Quilombo São Pedro realiza maior festa do Vale do Ribeira

      Mais uma vez foi um sucesso a festividade no Quilombo São Pedro. São quase 90 anos de realização do evento que já faz parte da agenda das comunidades vizinhas e até de pessoas de outras cidades - só das agendas da prefeitura e Câmara dos vereadores que ainda não! Enfim, falamos disso depois...
O evento que teve início na tarde do dia 29 de Junho com procissão e missa, seguidos por um maravilhoso café comunitário com produtos da roça. Mais a noite a fogueira foi acesa e iniciou-se a quadrilha, onde as crianças, jovens e até idosos dançaram após um casamento bem humorado- destaque para o padre que atendia o celular durante o casório!
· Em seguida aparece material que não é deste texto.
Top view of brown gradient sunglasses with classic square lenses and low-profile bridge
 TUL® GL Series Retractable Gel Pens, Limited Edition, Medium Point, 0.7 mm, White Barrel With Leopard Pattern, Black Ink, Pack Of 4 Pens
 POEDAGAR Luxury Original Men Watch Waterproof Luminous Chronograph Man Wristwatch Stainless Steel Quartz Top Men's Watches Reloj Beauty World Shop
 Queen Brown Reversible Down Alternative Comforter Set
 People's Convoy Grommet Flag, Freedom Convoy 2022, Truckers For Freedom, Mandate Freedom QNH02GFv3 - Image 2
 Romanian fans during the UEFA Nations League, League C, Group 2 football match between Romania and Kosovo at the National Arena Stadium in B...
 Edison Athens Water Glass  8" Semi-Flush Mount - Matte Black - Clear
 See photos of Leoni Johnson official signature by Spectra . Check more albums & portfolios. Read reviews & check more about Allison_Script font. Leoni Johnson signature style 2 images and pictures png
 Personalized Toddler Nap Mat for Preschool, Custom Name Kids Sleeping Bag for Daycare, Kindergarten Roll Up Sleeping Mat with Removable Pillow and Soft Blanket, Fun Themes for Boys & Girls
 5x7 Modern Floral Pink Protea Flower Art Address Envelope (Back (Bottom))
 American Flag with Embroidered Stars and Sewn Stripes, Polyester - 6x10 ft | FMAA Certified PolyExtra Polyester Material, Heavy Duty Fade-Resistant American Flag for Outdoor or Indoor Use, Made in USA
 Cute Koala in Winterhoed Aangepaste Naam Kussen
Assim, a noite encerrou-se com a comunidade toda reunida – e até comunidades vizinhas como --Ivaporunduva, Galvão e Castelhanos-- comendo pipoca, canjica bebendo quentão para espantar o frio!
Já no dia 02 de Julho, sábado, auge do evento, a noite iniciou-secom a apresentação do  Grupo Cultural Puxirão Bernardo Furquim, seguido pela apresentação da Dança da Mão esquerda. Mais tarde, muitos se divertiram na quermesse ao bom som dos violeiros do Quilombo Ivaporunduva. Jânio e Leonides, José Rodrigues e Gervásio encantaram a todas e todos com o melhor da moda de viola. Vieram pessoas de diversas comunidades como Sapatu, Ivaporunduva, André Lopes, Galvão, Nhunguara, Pilões, Maria Rosa, Poça, Barra do Braço, Batatal, Abobral, Meninos, Pedro Cubas etc; além de cidades como Curitiba, São Paulo, Cananéia, Registro, Cajati, Iporanga, Iguape, entre outras. Com isso, o espaço ficou pequeno quando os jovens da própria comunidade, “Aluisio dos Teclados” e “Nenê, O fera do Vale”, iniciaram o forró, que durou até as 5:30h da manhã. A animação era tamanha que para matar a fome os espectadores puderam saborear torta de palmito, porção de mandioca frita, frango e carne de porco assados na fornalha, além de outros salgados; e tudo isso com a opção de aquecer-se nas proximidades da fogueira de mais de 3 metros de altura acessa no inicio da noite e que durou uma semana. Enfim, a empolgação foi tamanha que no dia seguinte teve domingueira, prestigiada ainda por vários outras comunidades.
De acordo com o Grupo Cultural Puxirão Bernardo Furquim, apoiador do evento e a Associação Quilombo São Pedro, promotora do evento, mais de 2500 pessoas prestigiaram a 88ª Festa do Quilombo São Pedro, que foi considerada pelos coordenadores “um sucesso”. A associação, por conta própria, através de mutirões, realizou melhorias em diversos pontos dos 12 km de estrada não pavimentada que dá acesso a  comunidade. O órgão responsável pelos serviços em estradas, pertencente a Prefeitura Municipal da Estância Turística de Eldorado, alegou que a máquina não estava em condições de realizar serviços naquela semana ( a que antecedeu o evento), pois estava em manutenção. Esse é um dos pontos que ilustram bem a desvalorização da cultura quilombola, tanto por parte do poder executivo, quanto pelo poder legislativo, pois sequer alguns vereadores ( quase todos) sabiam da realização do evento (e olha que tinha cartazes na cidade toda e em 90% dos bairros). Mas, cabe um questionamento: Onde estão os recursos referentes a cultura se não são investidos no segundo maior evento do município?  Onde? Pelo que vemos, constatamos o óbvio: nunca neste país o povo negro foi valorizado... A falta de apoio para a realização da segunda maior festa do município e maior evento realizado em comunidades quilombolas do Vale do Ribeira é prova disso!

Ano que vem tem mais... 89ª edição da Festa do Quilombo São Pedro, Vale a pena !!!